• _WORK INSTRUCTION_
The entries below should be repeated exactly, with no pictures carried over.

Source records
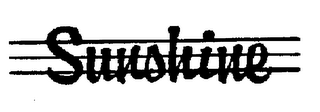 SUNSHINE logo
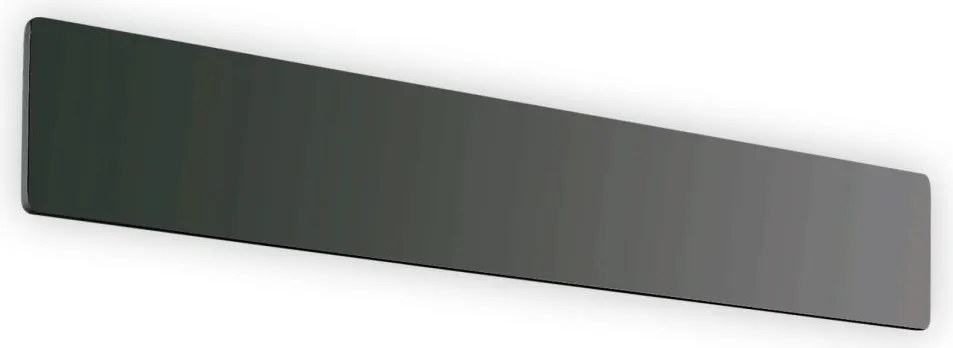 Aplica LED ambientala ZIG ZAG AP D53 SQUARE NERO 4000K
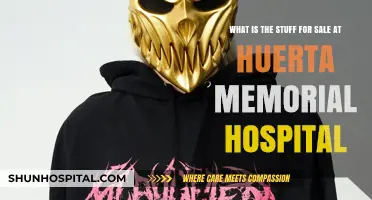 Exploring Huerta Memorial Hospital's Unique Items for Sale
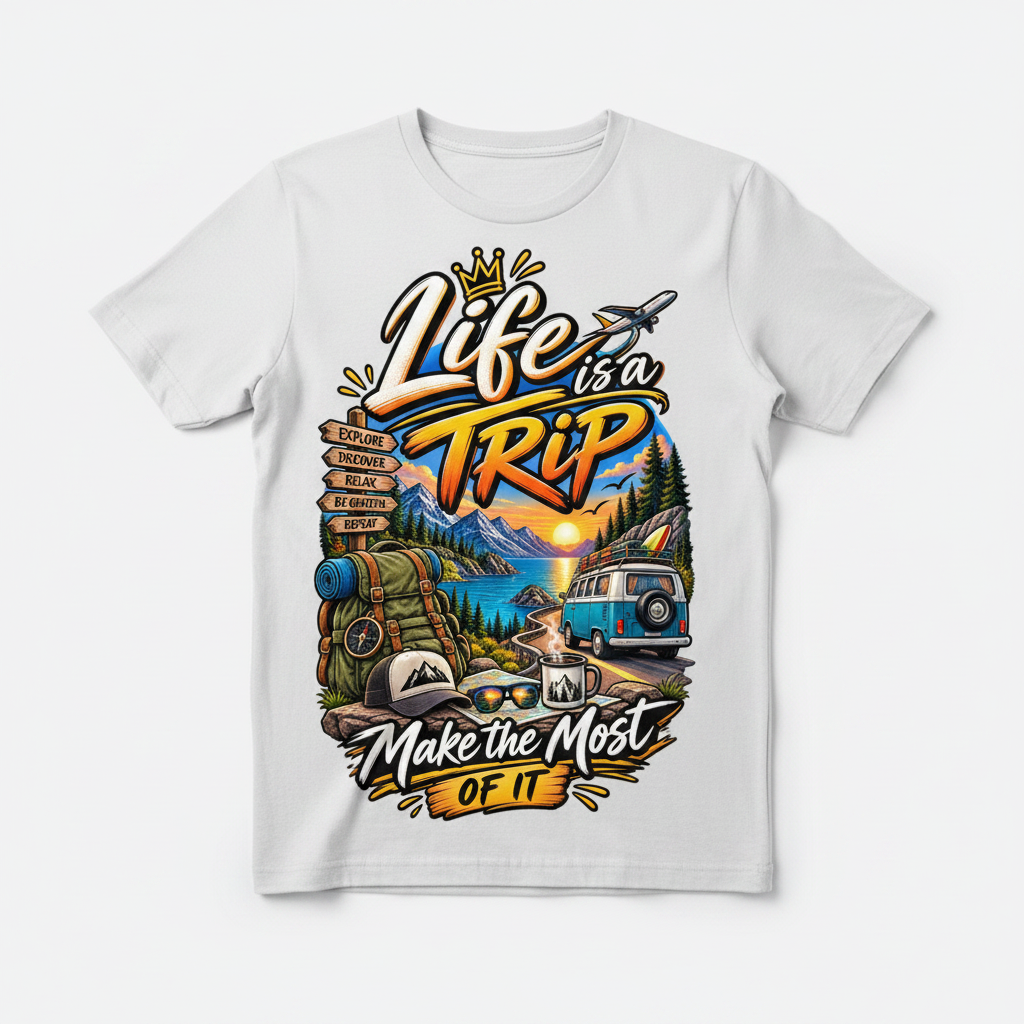 T-Shirt - Life is a Trip
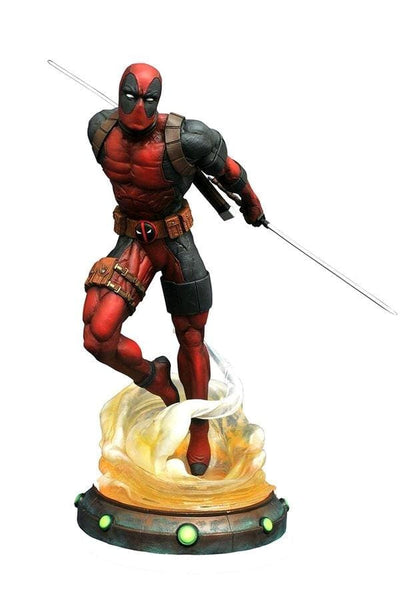 Marvel Gallery - Deadpool 9 PVC Statue - Vinyl Statue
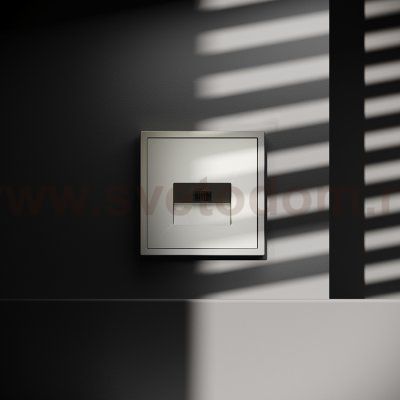 Розетка компьютерная встраиваемая VOLTUM S70 RJ45 кат.6, (шелк) (VLS060104)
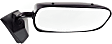 1992-1994 Chevrolet Blazer - Driver and Passenger Side Mirror, Manual Adjust, Non-Heated, Manual Folding, Paintable, No Signal Light, Without Memory Recall, No Puddle Light, No Auto-Dimming, No Blind Spot Feature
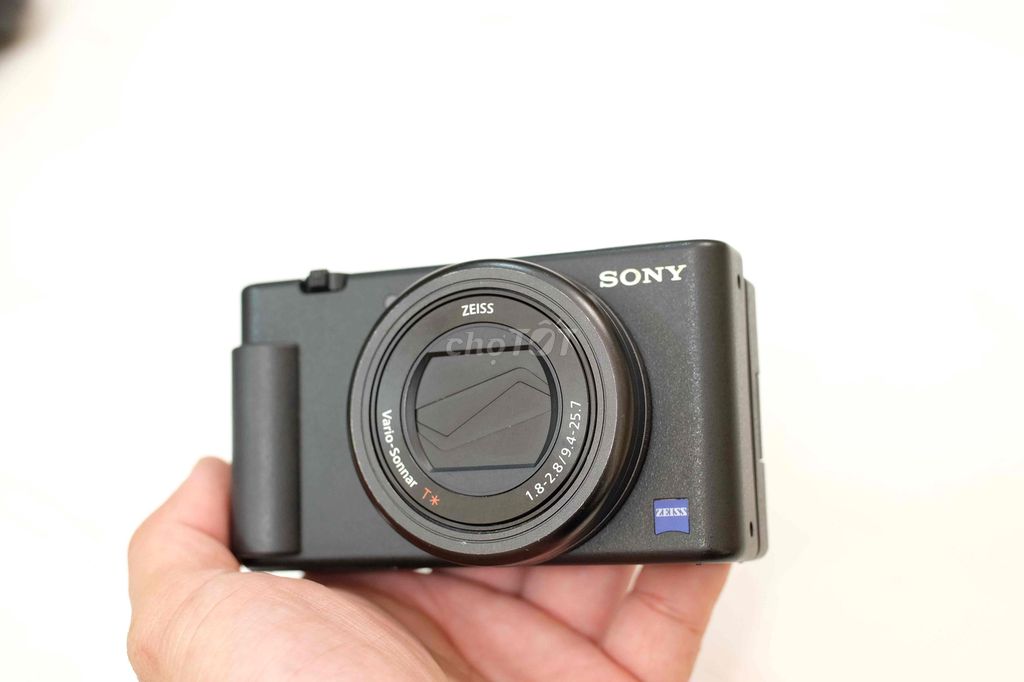 Máy ảnh Sony ZV-1 Đen Đã dùng. Mua bán Máy ảnh, Máy quay tại Quận 10 Tp Hồ Chí Minh được đăng bởi Quang hình 1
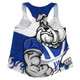 Canterbury-Bankstown Bulldogs Women Racerback Singlet Defend The Pride
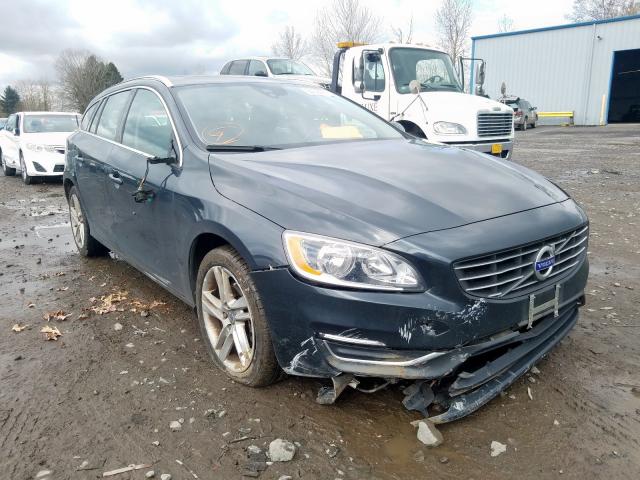 YV140MEK0F1218875 - 2015 VOLVO V60 PREMIER  photo 1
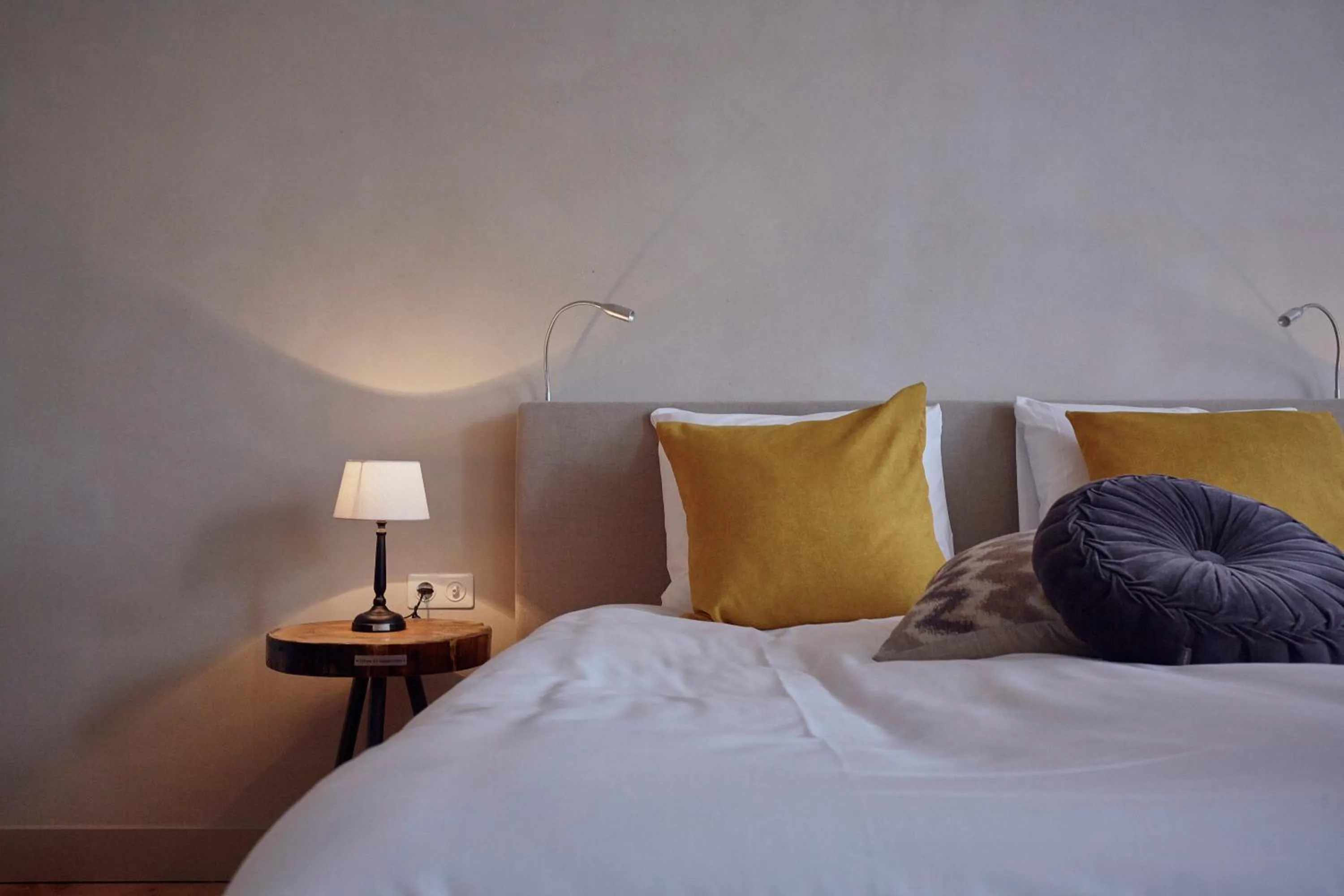 Bed in Herberg de Zwarte Ruiter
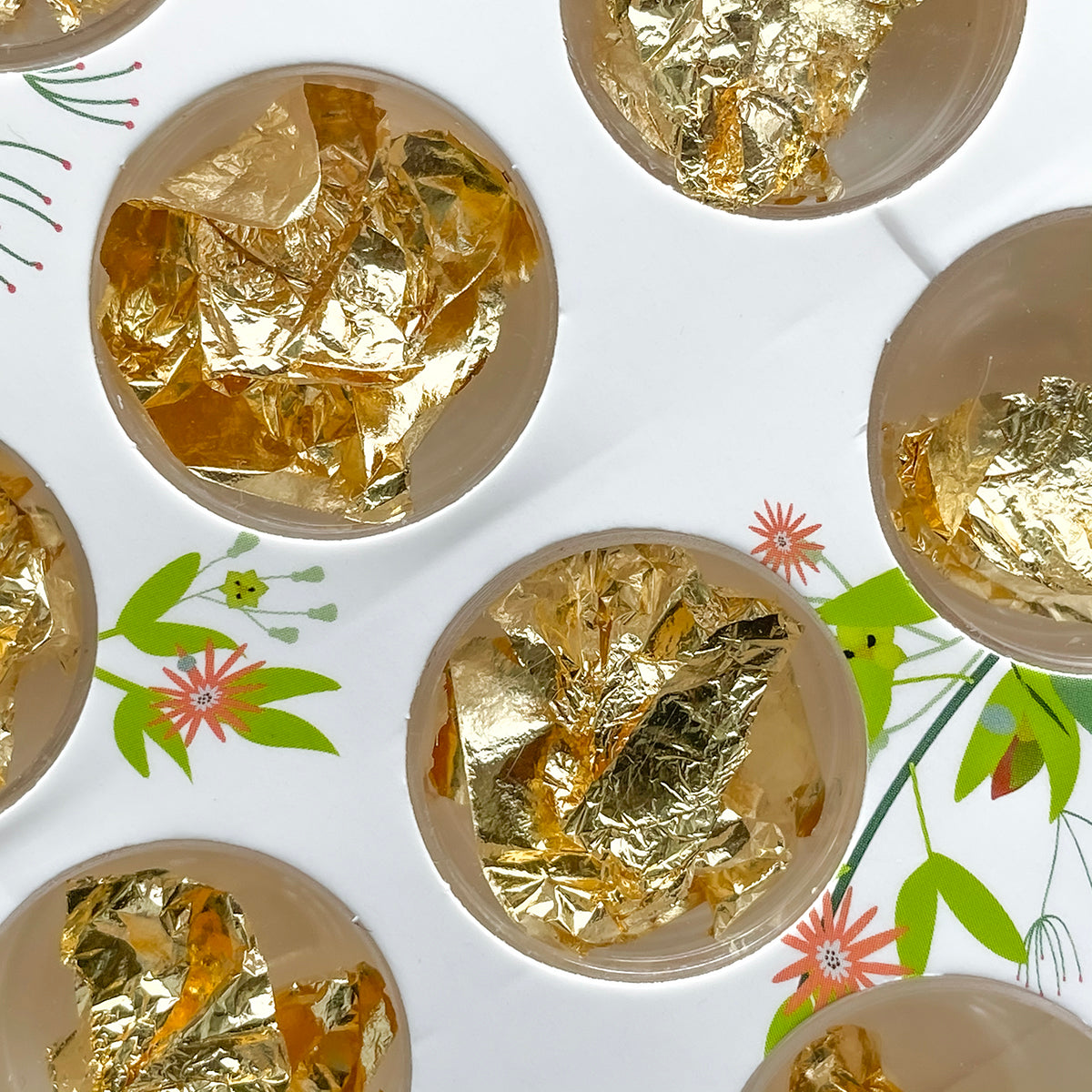 FOIL VÀNG 12 CÁI / HỘP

• _SOLUTION TO THIS EXERCISE_
 SUNSHINE logo
 Aplica LED ambientala ZIG ZAG AP D53 SQUARE NERO 4000K
 Exploring Huerta Memorial Hospital's Unique Items for Sale
 T-Shirt - Life is a Trip
 Marvel Gallery - Deadpool 9 PVC Statue - Vinyl Statue
 Розетка компьютерная встраиваемая VOLTUM S70 RJ45 кат.6, (шелк) (VLS060104)
 1992-1994 Chevrolet Blazer - Driver and Passenger Side Mirror, Manual Adjust, Non-Heated, Manual Folding, Paintable, No Signal Light, Without Memory Recall, No Puddle Light, No Auto-Dimming, No Blind Spot Feature
 Máy ảnh Sony ZV-1 Đen Đã dùng. Mua bán Máy ảnh, Máy quay tại Quận 10 Tp Hồ Chí Minh được đăng bởi Quang hình 1
 Canterbury-Bankstown Bulldogs Women Racerback Singlet Defend The Pride
 YV140MEK0F1218875 - 2015 VOLVO V60 PREMIER  photo 1
 Bed in Herberg de Zwarte Ruiter
 FOIL VÀNG 12 CÁI / HỘP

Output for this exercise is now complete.